First the SQL to create the table and populate it. The ID column here isn't "needed" but it is recommended if the table will be large or have indexes on it.

CREATE TABLE `test`.`events` (
  `id` INT NOT NULL AUTO_INCREMENT,
  `user` INT NULL,
  `start` DATETIME NULL,
  `end` DATETIME NULL,
  `type` VARCHAR(45) NULL,
  PRIMARY KEY (`id`));

INSERT INTO events (user, start, end, type) VALUES 
(1, '2015-1-1 12:00:00', '2015-1-1 12:03:59', 'browsing'),
(2, '2015-1-1 12:03:00', '2015-1-1 12:06:00', 'browsing'),
(2, '2015-1-1 12:03:00', '2015-1-1 12:06:00', 'eating'),
(3, '2015-1-1 12:03:00', '2015-1-1 12:08:00', 'browsing');

要获取分钟持续时间与事件数之间的有序对列表,请执行以下操作:

然后可以使用timestampdiff函数轻松地编写查询,如下所示:

The query can then be easily written using the timestampdiff fuction, as shown below:

SELECT 
    TIMESTAMPDIFF(MINUTE, start, end) as minutes,
    COUNT(*) AS numEvents
FROM
    test.events
GROUP BY TIMESTAMPDIFF(MINUTE, start, end)

输出:

minutes      numEvents
3            3
5            1

选择中的第一个参数可以是FRAC_SECOND,SECOND,MINUTE,HOUR,DAY,WEEK,MONTH,QUARTER或YEAR之一.

The first parameter in the select can be one of FRAC_SECOND, SECOND, MINUTE, HOUR, DAY, WEEK, MONTH, QUARTER, or YEAR.

以下是您可以执行的更多查询示例:

Here are some more examples of queries you can do:

按小时显示的事件(已应用地板功能)

SELECT 
    TIMESTAMPDIFF(HOUR, start, end) as hours,
    COUNT(*) AS numEvents
FROM
    test.events
GROUP BY TIMESTAMPDIFF(HOUR, start, end)

**按小时显示的事件具有更好的格式**

**Events by hour with better formatting **

SELECT 
    CONCAT("<", TIMESTAMPDIFF(HOUR, start, end) + 1) as hours,
    COUNT(*) AS numEvents
FROM
    test.events
GROUP BY TIMESTAMPDIFF(HOUR, start, end)

您可以按各种选项分组,但这绝对可以帮助您入门.大多数绘图软件包都允许您指定任意的x y坐标,因此您不必担心x轴上缺少值.

You can group by a variety of options, but this should definitely get you started.
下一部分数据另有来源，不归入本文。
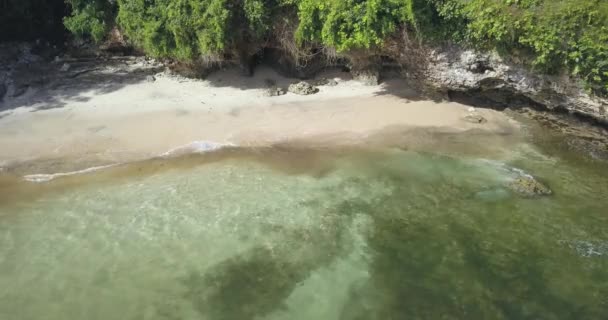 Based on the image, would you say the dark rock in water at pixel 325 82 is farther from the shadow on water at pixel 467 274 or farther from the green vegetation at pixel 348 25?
the shadow on water at pixel 467 274

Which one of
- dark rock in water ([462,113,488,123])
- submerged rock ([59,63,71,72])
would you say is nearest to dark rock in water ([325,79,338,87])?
dark rock in water ([462,113,488,123])

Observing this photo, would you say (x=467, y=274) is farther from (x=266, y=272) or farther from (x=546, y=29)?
(x=546, y=29)

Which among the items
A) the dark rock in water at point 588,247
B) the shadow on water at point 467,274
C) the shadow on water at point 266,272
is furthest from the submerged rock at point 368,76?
the dark rock in water at point 588,247

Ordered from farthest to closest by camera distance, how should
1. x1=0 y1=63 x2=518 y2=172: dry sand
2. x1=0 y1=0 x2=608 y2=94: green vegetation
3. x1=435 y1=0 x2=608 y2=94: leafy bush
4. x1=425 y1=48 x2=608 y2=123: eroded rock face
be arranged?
x1=0 y1=63 x2=518 y2=172: dry sand → x1=425 y1=48 x2=608 y2=123: eroded rock face → x1=0 y1=0 x2=608 y2=94: green vegetation → x1=435 y1=0 x2=608 y2=94: leafy bush

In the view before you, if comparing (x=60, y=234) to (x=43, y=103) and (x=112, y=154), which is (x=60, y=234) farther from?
(x=43, y=103)

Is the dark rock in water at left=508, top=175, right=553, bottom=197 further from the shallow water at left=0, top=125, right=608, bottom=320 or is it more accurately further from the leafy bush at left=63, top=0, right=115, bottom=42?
the leafy bush at left=63, top=0, right=115, bottom=42

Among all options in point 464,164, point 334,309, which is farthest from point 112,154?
point 464,164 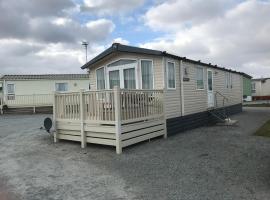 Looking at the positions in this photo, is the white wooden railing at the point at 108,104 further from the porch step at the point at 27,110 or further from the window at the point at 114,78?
the porch step at the point at 27,110

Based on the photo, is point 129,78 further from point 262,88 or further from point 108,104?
point 262,88

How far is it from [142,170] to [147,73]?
4.89 m

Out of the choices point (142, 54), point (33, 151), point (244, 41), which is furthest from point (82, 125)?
point (244, 41)

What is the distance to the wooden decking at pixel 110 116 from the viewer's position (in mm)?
6832

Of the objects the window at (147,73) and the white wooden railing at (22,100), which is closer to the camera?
the window at (147,73)

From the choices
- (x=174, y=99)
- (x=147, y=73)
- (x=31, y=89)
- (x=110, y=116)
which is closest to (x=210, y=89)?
(x=174, y=99)

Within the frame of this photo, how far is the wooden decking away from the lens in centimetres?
683

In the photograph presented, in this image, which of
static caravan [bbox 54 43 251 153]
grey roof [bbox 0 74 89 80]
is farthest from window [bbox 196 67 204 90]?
grey roof [bbox 0 74 89 80]

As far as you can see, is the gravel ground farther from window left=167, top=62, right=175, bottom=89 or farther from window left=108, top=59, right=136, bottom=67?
window left=108, top=59, right=136, bottom=67

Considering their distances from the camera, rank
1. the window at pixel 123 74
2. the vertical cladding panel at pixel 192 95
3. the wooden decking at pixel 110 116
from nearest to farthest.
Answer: the wooden decking at pixel 110 116
the window at pixel 123 74
the vertical cladding panel at pixel 192 95

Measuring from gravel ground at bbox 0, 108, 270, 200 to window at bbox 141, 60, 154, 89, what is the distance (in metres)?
2.23

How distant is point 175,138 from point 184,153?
2066 millimetres

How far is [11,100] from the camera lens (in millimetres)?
20500

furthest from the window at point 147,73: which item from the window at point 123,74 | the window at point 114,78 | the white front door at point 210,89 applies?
the white front door at point 210,89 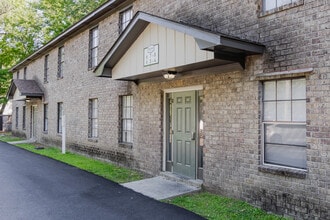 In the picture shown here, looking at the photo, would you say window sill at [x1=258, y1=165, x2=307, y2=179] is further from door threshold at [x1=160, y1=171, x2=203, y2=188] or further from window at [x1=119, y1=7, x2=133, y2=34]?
window at [x1=119, y1=7, x2=133, y2=34]

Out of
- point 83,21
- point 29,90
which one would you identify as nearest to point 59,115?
point 29,90

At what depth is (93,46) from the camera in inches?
509

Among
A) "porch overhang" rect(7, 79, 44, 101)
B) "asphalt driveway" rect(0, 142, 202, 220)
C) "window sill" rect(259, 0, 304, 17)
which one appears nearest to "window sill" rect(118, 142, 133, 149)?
"asphalt driveway" rect(0, 142, 202, 220)

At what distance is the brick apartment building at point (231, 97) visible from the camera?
5125 millimetres

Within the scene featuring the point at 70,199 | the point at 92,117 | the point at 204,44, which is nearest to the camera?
the point at 204,44

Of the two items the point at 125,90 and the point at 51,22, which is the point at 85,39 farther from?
the point at 51,22

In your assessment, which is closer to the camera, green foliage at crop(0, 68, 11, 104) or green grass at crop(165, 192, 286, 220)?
green grass at crop(165, 192, 286, 220)

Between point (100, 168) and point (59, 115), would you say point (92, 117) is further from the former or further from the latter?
point (59, 115)

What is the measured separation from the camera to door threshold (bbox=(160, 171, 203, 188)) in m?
7.37

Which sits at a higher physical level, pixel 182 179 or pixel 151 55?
pixel 151 55

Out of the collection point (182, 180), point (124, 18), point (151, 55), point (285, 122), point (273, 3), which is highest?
point (124, 18)

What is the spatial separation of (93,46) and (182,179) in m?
7.64

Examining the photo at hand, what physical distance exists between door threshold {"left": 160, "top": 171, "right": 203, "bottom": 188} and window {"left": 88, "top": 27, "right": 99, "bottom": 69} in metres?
6.33

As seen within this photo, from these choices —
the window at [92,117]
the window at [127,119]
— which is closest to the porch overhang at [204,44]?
the window at [127,119] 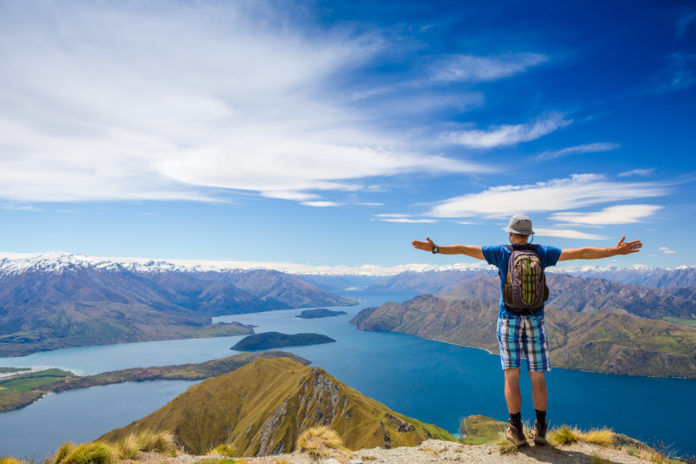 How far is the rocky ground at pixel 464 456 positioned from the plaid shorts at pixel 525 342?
7.00ft

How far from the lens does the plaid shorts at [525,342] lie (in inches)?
309

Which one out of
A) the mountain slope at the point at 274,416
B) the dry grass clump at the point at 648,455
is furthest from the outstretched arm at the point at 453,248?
the mountain slope at the point at 274,416

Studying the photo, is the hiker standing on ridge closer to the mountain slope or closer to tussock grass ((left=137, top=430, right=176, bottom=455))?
tussock grass ((left=137, top=430, right=176, bottom=455))

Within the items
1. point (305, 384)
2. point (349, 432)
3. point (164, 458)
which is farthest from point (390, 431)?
point (164, 458)

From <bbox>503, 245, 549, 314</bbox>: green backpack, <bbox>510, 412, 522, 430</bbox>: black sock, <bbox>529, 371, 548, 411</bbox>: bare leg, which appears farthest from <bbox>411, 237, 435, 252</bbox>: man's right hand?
<bbox>510, 412, 522, 430</bbox>: black sock

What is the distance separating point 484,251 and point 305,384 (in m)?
168

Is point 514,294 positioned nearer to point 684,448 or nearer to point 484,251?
point 484,251

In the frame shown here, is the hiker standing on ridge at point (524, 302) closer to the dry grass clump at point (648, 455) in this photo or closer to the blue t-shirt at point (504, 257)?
the blue t-shirt at point (504, 257)

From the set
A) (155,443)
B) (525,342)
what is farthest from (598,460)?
(155,443)

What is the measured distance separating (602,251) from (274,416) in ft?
543

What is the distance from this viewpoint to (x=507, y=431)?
8.95 meters

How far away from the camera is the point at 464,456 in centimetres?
952

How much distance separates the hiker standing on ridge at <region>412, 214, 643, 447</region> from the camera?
305 inches

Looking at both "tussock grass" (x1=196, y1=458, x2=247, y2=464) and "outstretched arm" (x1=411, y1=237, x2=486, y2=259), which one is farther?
"tussock grass" (x1=196, y1=458, x2=247, y2=464) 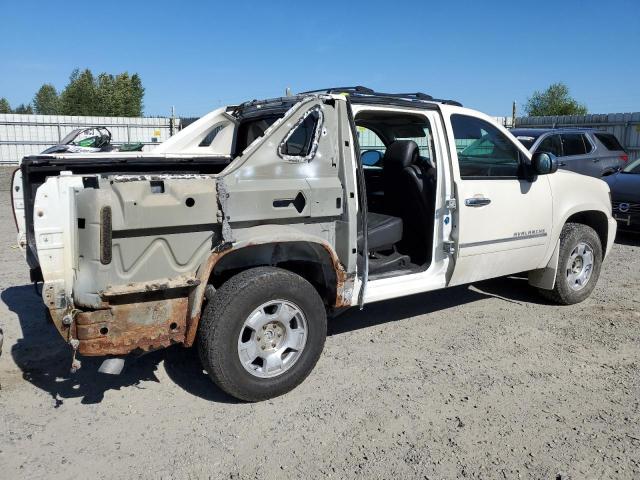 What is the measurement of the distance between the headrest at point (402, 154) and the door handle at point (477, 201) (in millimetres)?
661

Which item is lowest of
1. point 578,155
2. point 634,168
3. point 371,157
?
point 634,168

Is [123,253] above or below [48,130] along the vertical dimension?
below

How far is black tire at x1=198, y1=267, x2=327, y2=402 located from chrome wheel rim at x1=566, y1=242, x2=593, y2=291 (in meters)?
3.24

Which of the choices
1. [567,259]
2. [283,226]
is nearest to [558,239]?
[567,259]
Most plotting packages will allow you to specify arbitrary x y coordinates, so you don't need to worry about the missing values on the x axis.
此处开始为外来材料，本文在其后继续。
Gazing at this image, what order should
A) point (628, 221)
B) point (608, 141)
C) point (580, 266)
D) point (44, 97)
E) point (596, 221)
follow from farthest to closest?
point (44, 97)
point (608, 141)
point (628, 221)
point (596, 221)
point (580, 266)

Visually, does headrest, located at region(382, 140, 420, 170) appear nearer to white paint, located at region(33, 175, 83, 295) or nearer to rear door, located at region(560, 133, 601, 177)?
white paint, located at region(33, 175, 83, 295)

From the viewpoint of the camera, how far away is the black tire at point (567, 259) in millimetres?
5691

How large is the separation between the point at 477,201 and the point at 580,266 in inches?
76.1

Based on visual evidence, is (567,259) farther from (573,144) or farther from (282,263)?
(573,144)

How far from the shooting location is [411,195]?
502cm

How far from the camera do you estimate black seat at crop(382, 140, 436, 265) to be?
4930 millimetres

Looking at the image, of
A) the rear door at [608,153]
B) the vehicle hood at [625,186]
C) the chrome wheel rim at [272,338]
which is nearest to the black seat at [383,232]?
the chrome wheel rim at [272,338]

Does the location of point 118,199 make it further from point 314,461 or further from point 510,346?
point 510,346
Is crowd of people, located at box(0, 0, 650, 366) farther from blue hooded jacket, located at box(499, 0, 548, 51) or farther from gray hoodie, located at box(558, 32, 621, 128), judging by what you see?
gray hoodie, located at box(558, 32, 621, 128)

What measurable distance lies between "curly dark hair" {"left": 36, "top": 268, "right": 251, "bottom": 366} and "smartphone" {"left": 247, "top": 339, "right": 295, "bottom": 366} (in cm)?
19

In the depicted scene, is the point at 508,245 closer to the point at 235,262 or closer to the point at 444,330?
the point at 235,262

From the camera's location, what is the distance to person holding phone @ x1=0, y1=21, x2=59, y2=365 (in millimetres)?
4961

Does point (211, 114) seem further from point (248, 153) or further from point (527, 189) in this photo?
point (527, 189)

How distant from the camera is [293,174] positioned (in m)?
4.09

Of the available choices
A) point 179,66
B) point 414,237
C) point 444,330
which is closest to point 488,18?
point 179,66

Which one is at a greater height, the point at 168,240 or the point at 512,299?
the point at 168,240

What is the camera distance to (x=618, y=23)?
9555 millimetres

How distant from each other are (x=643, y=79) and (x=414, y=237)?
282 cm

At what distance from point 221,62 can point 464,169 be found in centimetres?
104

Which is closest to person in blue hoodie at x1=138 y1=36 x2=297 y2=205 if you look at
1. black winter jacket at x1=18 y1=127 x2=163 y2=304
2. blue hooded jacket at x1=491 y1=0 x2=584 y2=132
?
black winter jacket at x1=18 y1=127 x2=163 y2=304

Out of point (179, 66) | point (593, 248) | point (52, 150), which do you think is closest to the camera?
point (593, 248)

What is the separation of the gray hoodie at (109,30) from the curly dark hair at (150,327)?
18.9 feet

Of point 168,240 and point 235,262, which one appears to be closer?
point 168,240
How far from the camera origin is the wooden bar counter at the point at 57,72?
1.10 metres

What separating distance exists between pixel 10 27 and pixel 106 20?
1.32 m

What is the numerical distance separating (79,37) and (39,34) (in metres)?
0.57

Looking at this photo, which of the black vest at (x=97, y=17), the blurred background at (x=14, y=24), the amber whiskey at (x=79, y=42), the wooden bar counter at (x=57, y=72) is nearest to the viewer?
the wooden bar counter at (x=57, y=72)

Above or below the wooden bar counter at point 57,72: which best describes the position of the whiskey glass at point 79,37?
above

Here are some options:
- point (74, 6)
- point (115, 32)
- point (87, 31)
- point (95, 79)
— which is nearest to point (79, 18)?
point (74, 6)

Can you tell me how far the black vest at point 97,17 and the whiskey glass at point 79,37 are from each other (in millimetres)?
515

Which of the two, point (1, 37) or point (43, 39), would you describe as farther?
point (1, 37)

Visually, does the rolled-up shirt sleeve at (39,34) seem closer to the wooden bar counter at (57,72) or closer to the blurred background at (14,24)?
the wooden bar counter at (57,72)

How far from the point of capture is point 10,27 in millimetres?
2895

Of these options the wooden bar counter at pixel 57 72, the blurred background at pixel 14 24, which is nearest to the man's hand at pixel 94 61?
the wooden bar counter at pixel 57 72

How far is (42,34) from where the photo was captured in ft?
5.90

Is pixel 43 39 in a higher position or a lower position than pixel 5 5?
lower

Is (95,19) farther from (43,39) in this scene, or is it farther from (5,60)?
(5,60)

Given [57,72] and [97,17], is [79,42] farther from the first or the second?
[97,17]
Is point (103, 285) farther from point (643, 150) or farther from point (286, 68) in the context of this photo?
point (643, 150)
要获取特定时间(用于记录)的事件数量的有序对列表: 请注意,这留作参考.

To get a list of ordered pairs of number of events at a specific time (for logging): Note that this is left for reference.
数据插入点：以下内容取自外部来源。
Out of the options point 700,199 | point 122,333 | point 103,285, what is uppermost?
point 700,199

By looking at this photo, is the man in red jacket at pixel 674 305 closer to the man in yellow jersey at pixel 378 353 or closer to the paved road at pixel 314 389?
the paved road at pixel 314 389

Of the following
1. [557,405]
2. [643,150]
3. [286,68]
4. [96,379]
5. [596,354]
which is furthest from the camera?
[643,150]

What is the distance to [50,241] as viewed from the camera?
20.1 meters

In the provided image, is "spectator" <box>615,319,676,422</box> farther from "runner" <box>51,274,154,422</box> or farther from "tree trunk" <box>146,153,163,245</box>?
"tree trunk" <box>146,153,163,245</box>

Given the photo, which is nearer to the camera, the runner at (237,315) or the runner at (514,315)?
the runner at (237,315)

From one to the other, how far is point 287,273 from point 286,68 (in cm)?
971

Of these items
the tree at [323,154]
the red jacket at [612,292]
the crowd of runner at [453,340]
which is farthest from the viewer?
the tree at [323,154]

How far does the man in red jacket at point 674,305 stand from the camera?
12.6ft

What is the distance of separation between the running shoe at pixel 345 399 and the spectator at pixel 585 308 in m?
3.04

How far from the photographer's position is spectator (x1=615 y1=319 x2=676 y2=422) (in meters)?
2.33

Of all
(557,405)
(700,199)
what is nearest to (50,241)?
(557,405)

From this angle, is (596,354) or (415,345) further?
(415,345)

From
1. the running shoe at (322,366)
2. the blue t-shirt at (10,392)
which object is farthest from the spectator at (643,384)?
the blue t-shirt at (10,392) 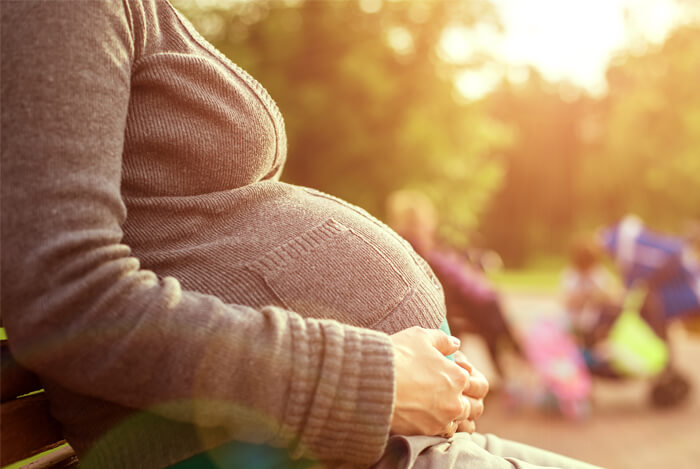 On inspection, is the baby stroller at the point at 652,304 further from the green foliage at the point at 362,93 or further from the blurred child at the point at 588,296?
the green foliage at the point at 362,93

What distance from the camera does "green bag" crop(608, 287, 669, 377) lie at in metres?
6.29

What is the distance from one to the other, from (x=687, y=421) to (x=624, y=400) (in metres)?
0.81

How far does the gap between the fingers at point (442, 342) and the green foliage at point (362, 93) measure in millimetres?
11072

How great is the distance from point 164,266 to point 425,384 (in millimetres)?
469

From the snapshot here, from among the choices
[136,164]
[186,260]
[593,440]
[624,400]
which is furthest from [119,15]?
[624,400]

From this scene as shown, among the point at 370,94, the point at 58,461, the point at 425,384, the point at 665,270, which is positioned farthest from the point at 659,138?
the point at 58,461

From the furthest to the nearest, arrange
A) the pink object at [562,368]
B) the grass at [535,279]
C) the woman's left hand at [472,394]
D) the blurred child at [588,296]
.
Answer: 1. the grass at [535,279]
2. the blurred child at [588,296]
3. the pink object at [562,368]
4. the woman's left hand at [472,394]

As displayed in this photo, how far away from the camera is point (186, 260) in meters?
1.13

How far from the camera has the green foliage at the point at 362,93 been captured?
40.6 ft

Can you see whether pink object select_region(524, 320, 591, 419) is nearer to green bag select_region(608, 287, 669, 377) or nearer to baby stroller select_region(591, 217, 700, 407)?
baby stroller select_region(591, 217, 700, 407)

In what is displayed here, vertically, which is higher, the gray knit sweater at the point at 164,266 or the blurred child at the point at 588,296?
the gray knit sweater at the point at 164,266

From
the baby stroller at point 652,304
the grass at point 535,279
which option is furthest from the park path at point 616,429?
the grass at point 535,279

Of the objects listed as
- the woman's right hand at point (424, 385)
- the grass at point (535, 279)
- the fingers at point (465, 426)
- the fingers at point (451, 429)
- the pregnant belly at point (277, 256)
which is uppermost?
the pregnant belly at point (277, 256)

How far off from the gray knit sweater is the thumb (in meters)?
0.07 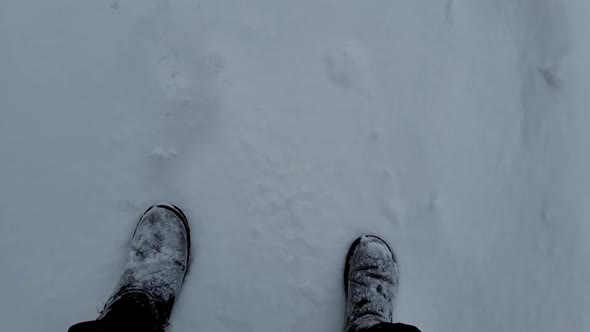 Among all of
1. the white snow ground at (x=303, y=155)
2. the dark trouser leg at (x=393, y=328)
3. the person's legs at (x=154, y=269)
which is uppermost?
the white snow ground at (x=303, y=155)

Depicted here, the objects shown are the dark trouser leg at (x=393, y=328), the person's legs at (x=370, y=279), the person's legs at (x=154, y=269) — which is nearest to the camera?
the dark trouser leg at (x=393, y=328)

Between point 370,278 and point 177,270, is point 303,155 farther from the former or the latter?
point 177,270

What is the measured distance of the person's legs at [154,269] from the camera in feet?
4.29

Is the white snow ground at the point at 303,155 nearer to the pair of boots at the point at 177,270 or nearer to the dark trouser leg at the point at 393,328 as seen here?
the pair of boots at the point at 177,270

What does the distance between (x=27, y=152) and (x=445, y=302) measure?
166 cm

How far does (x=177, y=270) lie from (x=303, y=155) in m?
0.62

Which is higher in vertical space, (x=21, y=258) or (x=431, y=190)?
(x=431, y=190)

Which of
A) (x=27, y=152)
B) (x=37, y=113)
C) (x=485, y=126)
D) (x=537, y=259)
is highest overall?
(x=485, y=126)

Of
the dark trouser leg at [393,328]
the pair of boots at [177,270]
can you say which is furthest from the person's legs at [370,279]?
the dark trouser leg at [393,328]

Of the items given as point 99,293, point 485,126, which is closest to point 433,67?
point 485,126

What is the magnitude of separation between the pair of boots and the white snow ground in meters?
0.05

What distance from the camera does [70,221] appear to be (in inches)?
59.4

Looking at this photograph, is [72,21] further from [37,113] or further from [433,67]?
[433,67]

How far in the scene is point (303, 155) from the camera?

现在进行查询.首先,您必须选择要用于分组的项目.例如,一个任务可能需要一分钟以上,因此开始和结束将在不同的分钟内.对于所有这些示例,我将它们作为开始时间的依据,因为那是事件实际发生的时间.

Now for the queries. First you have to pick which item you want to use for the grouping. For example, a task might take more than a minute, so the start and end would be in different minutes. For all these examples, I am basing them off of the start time, since that is when the event actually took place.

要按分钟对事件计数进行分组,可以使用如下查询:

To group event counts by minute, you can use a query like this:

SELECT 
     DATE_FORMAT(start, '%M %e, %Y %h:%i %p') as minute, 
     count(*) AS numEvents 
FROM test.events 
GROUP BY YEAR(start), MONTH(start), DAYOFMONTH(start), HOUR(start), MINUTE(start);

请注意,这是如何从年份开始按分钟将所有项目分组的.我还将分钟显示为标签.结果输出如下:

Note how this groups by all the items, starting with year, going the minute. I also have the minute displayed as a label. The resulting output looks like this:

minute                      numEvents
January 1, 2015 12:00 PM    1
January 1, 2015 12:03 PM    3

您可以使用php采集这些数据,并准备好通过其中的众多图形库之一显示这些数据,在x轴上绘制分钟列,在y轴上绘制numEvents.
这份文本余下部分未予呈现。